Allied Development Group LLC, a real estate development company based in Farmington, originally had a contract with the state to purchase and develop the land and former hospital into a seaside hotel and park. The sale of the property was part of the 2010 budget voted on by the legislature and approved by Gov. M. Jodi Rell in an effort to raise money.
In 2014, the Waterford Planning & Zoning commission voted down Allied’s plan to build the hotel and park. Mark Steiner, owner of Allied Development, immediately filed an appeal in New London Superior Court. However, before his case could be heard, Malloy cancelled the contract saying that Steiner had failed to acquire the proper land-use approvals. Steiner’s agreement with the state, however, stipulated extensions if the developer encountered zoning issues. Steiner has now filed a $20 million suit against the state for violating the terms of the contract. The suit is currently pending before the Claims Commissioner.
Malloy’s directive and cancellation of the contract may have violated state law. According to Connecticut’s State Real Property law, statute 4(b)-21, any agency that wishes to develop state land must submit a plan to the secretary of the Office of Policy and Management, along with a budget, to be analyzed within 30 days.

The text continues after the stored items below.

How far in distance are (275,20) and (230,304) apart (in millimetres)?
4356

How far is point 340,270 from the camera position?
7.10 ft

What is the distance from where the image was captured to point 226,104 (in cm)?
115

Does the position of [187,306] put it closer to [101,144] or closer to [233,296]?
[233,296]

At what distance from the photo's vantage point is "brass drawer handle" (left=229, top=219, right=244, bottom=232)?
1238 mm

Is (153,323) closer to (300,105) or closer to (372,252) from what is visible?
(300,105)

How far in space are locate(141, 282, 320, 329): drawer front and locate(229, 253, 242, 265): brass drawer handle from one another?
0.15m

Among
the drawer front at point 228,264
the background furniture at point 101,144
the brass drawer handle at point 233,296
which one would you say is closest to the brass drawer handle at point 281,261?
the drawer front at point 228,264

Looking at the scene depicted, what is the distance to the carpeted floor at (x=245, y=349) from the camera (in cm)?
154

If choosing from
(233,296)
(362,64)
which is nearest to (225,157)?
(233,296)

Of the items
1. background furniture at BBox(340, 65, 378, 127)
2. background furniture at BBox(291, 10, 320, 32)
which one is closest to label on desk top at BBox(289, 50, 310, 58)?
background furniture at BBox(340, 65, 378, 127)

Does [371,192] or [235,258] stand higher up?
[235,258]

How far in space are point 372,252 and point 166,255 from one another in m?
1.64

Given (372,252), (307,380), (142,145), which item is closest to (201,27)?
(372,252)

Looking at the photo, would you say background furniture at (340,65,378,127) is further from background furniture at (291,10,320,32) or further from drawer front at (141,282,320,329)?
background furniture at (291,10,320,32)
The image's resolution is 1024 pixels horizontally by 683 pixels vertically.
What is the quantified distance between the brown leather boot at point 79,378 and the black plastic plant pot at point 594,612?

The OPM confirmed that no analysis of DEEP’s plan exists and offered a March 2015 letter from OPM secretary Benjamin Barnes to DEEP commissioner Robert Klee as justification for transferring the property to DEEP.
“As you are aware Governor Malloy has directed that DEEP convert the former Regional Seaside Center in Waterford to a state park,” Barnes wrote in the letter. “In order for the planning and implementation process to move forward, I believe it is appropriate for custody and control of this property to be transferred from DAS to DEEP.”

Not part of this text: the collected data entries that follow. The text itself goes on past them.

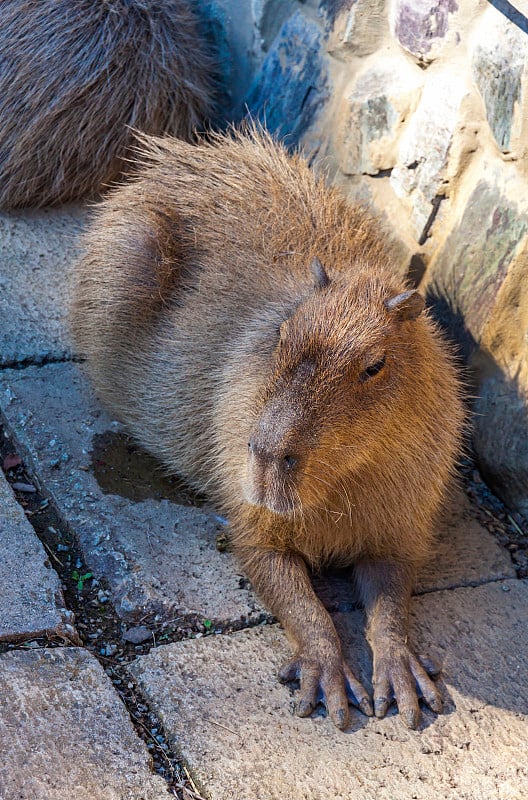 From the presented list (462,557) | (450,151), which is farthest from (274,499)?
(450,151)

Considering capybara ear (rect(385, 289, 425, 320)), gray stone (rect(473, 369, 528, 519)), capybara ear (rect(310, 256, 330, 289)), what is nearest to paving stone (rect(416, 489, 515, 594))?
gray stone (rect(473, 369, 528, 519))

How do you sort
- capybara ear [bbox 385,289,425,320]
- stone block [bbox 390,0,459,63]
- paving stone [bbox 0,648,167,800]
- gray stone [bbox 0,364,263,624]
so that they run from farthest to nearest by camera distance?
1. stone block [bbox 390,0,459,63]
2. gray stone [bbox 0,364,263,624]
3. capybara ear [bbox 385,289,425,320]
4. paving stone [bbox 0,648,167,800]

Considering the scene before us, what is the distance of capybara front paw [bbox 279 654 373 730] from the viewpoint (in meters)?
2.28

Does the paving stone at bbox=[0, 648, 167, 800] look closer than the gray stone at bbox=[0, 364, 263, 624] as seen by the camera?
Yes

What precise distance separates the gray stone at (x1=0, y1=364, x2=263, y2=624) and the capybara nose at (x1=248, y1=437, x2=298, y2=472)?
1.83 feet

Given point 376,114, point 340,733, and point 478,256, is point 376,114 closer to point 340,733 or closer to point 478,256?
point 478,256

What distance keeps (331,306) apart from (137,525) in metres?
0.89

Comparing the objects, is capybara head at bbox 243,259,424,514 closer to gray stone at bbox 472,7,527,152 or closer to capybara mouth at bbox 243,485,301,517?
capybara mouth at bbox 243,485,301,517

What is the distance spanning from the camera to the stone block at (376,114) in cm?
336

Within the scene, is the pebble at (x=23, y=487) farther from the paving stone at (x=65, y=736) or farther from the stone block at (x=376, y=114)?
the stone block at (x=376, y=114)

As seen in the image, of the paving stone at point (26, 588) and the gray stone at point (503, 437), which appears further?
the gray stone at point (503, 437)

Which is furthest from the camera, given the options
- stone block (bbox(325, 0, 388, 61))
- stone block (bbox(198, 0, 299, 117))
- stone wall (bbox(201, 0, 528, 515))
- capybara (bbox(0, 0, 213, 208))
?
stone block (bbox(198, 0, 299, 117))

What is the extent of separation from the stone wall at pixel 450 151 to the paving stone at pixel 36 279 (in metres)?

Steiner said he expected to create 300 jobs through the building and operation of the hotel and park. Allied Development had received approval from DEEP to create a park open to the public at no cost to the state as part of their plan.
Connecticut is currently having problems keeping its parks open due to budget cuts. The DEEP is closing three campgrounds and cutting back on lifeguards and park maintenance. The park closures come on the heels of the state laying off workers due to budget deficits. The state spends approximately $18 million per year operating parks and beaches, slightly less than the estimated cost of the new project.